Anonymous posted on Friday, April 15, 2005 - 8:11 am
I am new in the field of CVMs and Mplus. I want to do EFAs (half the sample) and CFAs (half the sample). Categorical variables: 4 or 5 categories. Two questions:
1. How to perform a Pearson chi-square test of bivariate normality within Mplus (see Muthén, 1984)? Is it possible (and really necessary)? (The skewness of most of the items is quite large.)
2. Should I find “good” solutions (scales) and want to report the reliability for the scales (total sample), can I use Cronbach’s ALPHA (calculated in SPSS), because SPSS uses Pearson’s r? What would be proper alternative?
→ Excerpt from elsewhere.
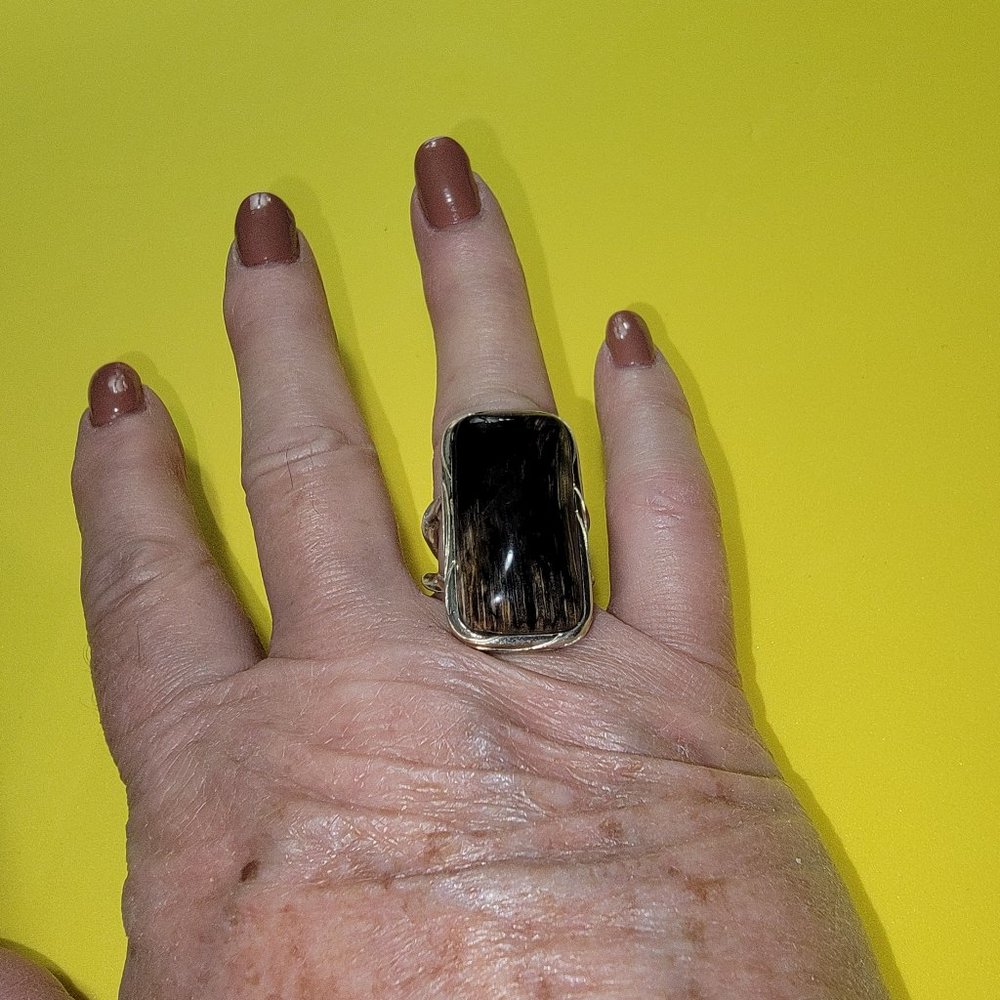 Jay King Mine Finds Ring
Thank you very much for your help!
BMuthen posted on Saturday, April 16, 2005 - 4:40 am
1. Mplus does not include tests for underlying normality. These tests are often too sensitive and the exact normality assumption may not be necessary -- see the recent Psych Methods paper on this topic. Skewness is not an issue with categorical outcomes.
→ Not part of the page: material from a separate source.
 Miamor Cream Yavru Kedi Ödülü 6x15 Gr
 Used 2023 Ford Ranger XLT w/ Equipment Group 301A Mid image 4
2. Cronbach's alpha is for continuous items. If you are interested in how well the factors are measured, you would have to consider information function curves as done in item response theory (IRT). This is not yet available in Mplus.
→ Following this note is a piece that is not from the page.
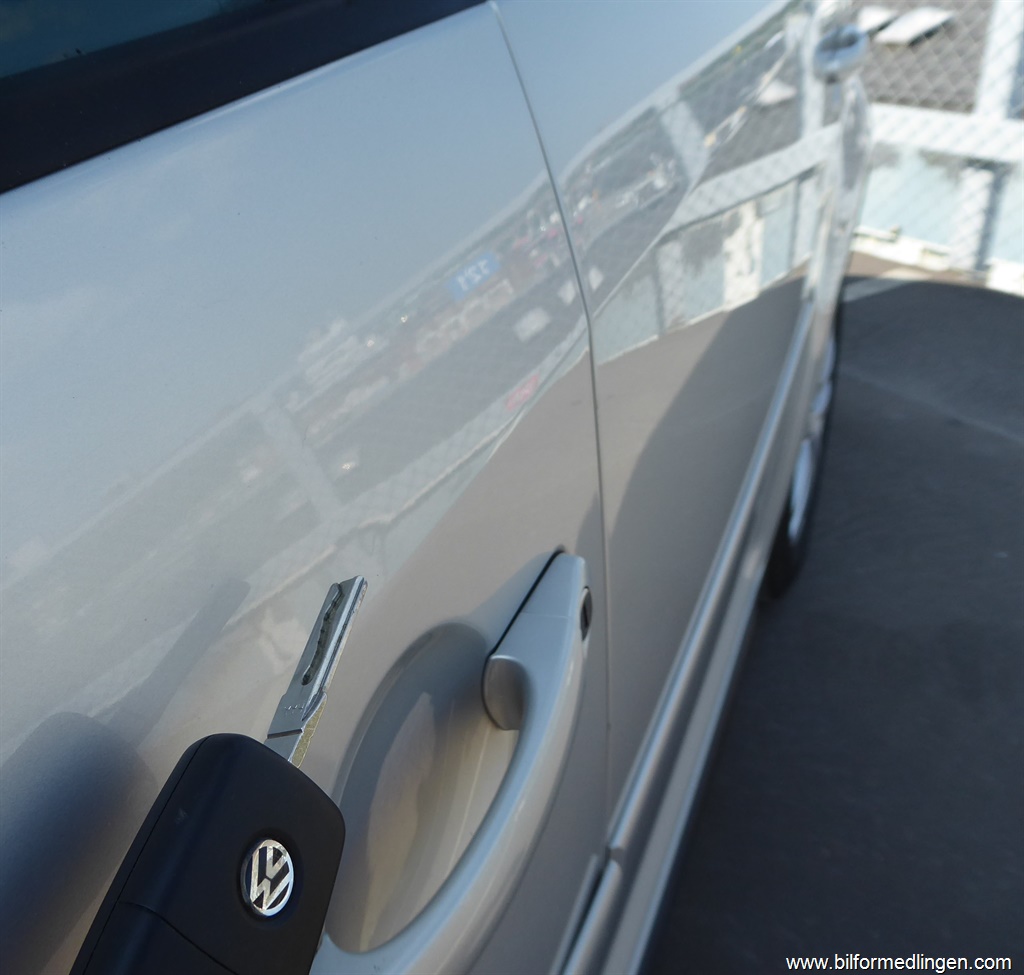 Bild 14 på Volkswagen Touran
Elina Dale posted on Monday, April 15, 2013 - 6:41 pm
Dear Dr. Muthen,
I am trying to conduct reliability eval with cat items. I thought I could use omega coefficient: omega = (sum of factor loadings)^2 / (sum of uniquenesses + (sum of factor loadings)^2)
Raykov & Marcoulides use it with categorical items as an approximate method because they obtain res variances using ANALYSIS: ESTIMATOR=MLR and do not declare their factor indicators to be categorical. They say it is OK for items with more than 2 possible scores (binary) and with minor clustering effect.
I am wondering why not use res variances obtained using the correct estimator for categorical clustered data that you get in the Output, Table R-SQUARE, at the very end.
Are the Residual variances for each item provided in Column 5 in the same table as R^2 the thetas used in estimation of reliability?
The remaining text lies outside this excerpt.